Stories We Tell

Well, this is something different. OK, wait, actually, it’s very much mundane. And yet. Also very different. It’s like this:

If I said to you “This is a documentary about a woman who had an affair, and then got pregnant, and her husband raised the child without knowing till after she died,” you might rightly say that this is an everyday tale. A tale old when Chaucer told it seven-hundred years ago.

What if I said, though, that it was the child who had made the documentary, and this is not just the story of old love affairs, but more the long journey of how those affairs affect living people, how they discover the truth, indeed even if they discover the truth—much less us, the viewer, watching a documentary on the topic.

The documentarian is Sarah Polley, a nearly aborted child (you can imagine the relevance) who has gone on to act and direct, and who at one point describes the internal process that lead from the discovery to filming of the people and events involved. At the same time, she’s far from the center of the film. (You could even argue she’s hiding, or hasn’t quite confronted her feelings.)

The film is framed, nearly narrated, even, by the man who raised her, Michael Polley. Her mother, Dianne died in 1990, when Sarah was 11. Her siblings are older, and so Michael and Sarah became close in the years following Dianne’s death. But the family joke, weirdly enough, was the question of Sarah’s paternity (ostensibly because she doesn’t look like Michael).

This “joke” leads her on a journey. And I’m not going to say too much about it, because the journey is the point. And what Polley does is present you a picture of her mother, then another picture, then another picture. and while from many different angles the facts remain unshakable, Polley is constantly throwing more into the mix; she’s daring you to think you can really understand her mother.

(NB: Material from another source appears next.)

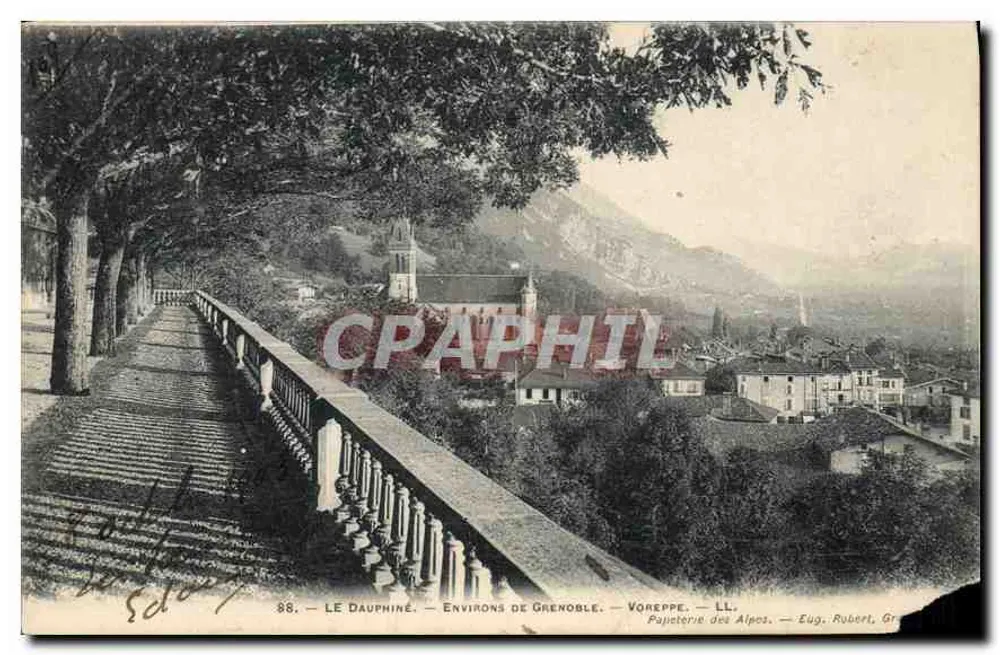 Voreppe — Obrzeża Grenoble — Papeterie des Alpes — Eug. Robert, Grenoble - Awers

There’s even a stinger, though I called it early on and The Boy also saw it coming.

Just as an example, Polley’s real father thinks the whole story should be about him and Dianne, and since Dianne is dead, basically about him. He thinks his story is the important one, the only true one. But the truth is, he’s the least important aspect of the story. Even Dianne herself is less important than the impact of her actions, on this child she had, and the children she’d had before.

By the way, Michael and Dianne’s relationship is classic: They’re both actors and Dianne falls in love with Michael when he’s playing a tough guy alpha role. They end up acting together and again Michael has an alpha role, sealing the deal with Dianne.

In real life, Michael’s an introverted beta, and Dianne is incredibly frustrated by his lack of ambition. His unwillingness, she reportedly says, to use his amazing talents as a writer (in particular). For his part, he seems happy enough to let her believe what she wants to land her in the first place.

How could this not end up the way it did? In that sense, each of the reveals is more or less predictable. Overall, though, this is a captivating presentation. The Boy and the Flower did not fidget during the nearly two hour runtime.